Le principe de compensation subordonnée au changement d’usage constitue une opération onéreuse décourageant ainsi les propriétaires à se conformer à la loi. C’est pour cela que de nombreuses personnes louent leurs locaux à usage d’habitation directement sur les plateformes de type Airbnb sans procéder préalablement au changement d’usage en violation de la loi.
Pour autant, les sanctions sont à prendre au sérieux dès lors que les opérations de contrôle ne cessent de proliférer, et vous expose à l’engagement d’une action en justice par la Ville de Paris et au prononcé d’une amende civile de 50.000 €, outre une astreinte journalière d’un montant maximal de 1.000 € par jour et par m2, en application de l’article L.651-2 du Code de la Construction et de l’Habitation.
2. Comment la Mairie de Paris a-t-elle eu connaissance de mes activités locatives saisonnières ? De quelles pièces dispose-t-elle à mon encontre ?
Avant toute opération de contrôle, une enquête préalable a été menée par un agent de la Ville de Paris.
En effet, si vous avez été destinataire d’un courrier du chef du bureau de la protection des locaux d’habitation de la Ville de Paris, c’est qu’il dispose au préalable de nombreux éléments attestant la présomption de votre infraction, à savoir que vous louez une ou plusieurs de vos résidences secondaires sans avoir procédé au changement d’usage de votre local.

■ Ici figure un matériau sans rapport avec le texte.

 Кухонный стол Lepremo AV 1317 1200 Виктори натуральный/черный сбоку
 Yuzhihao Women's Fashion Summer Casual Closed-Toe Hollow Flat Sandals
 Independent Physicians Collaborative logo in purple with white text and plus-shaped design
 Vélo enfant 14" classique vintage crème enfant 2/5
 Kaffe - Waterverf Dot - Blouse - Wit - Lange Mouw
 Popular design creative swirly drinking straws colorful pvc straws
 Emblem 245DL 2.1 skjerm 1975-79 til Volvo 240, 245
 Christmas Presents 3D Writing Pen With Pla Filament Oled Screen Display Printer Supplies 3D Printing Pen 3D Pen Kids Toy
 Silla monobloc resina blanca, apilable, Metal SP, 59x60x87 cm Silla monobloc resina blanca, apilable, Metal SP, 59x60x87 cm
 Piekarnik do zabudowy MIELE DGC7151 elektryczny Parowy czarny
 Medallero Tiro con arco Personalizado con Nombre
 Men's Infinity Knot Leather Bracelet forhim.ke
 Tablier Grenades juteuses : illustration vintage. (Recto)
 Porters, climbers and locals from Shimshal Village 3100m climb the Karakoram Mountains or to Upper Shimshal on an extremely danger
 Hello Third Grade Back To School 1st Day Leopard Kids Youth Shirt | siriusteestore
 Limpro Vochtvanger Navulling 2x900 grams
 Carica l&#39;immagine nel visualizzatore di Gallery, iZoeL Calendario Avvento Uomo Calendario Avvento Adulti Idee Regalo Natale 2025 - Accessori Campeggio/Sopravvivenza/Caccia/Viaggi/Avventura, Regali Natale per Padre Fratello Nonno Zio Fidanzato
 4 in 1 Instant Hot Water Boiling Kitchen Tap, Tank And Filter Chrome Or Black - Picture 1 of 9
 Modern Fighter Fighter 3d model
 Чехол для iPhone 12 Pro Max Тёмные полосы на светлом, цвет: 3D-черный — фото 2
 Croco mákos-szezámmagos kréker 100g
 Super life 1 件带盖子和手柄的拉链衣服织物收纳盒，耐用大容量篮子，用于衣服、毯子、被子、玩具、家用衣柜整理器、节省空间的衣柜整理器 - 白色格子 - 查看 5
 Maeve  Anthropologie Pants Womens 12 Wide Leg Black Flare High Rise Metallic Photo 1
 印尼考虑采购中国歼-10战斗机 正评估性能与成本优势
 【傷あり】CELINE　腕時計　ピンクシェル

En effet, l’instruction d’un dossier commence soit par des signalements envoyés à la Direction du Logement et de l’Habitat de la mairie de Paris par des particuliers, voisins, syndicat des copropriétaires, soit par des enquêtes menées par des agents assermentés de la Ville sur internet en raison du défaut d’immatriculation de votre annonce ou au regard du nombre important de vos commentaires, ou encore par des visites inopinées des agents municipaux.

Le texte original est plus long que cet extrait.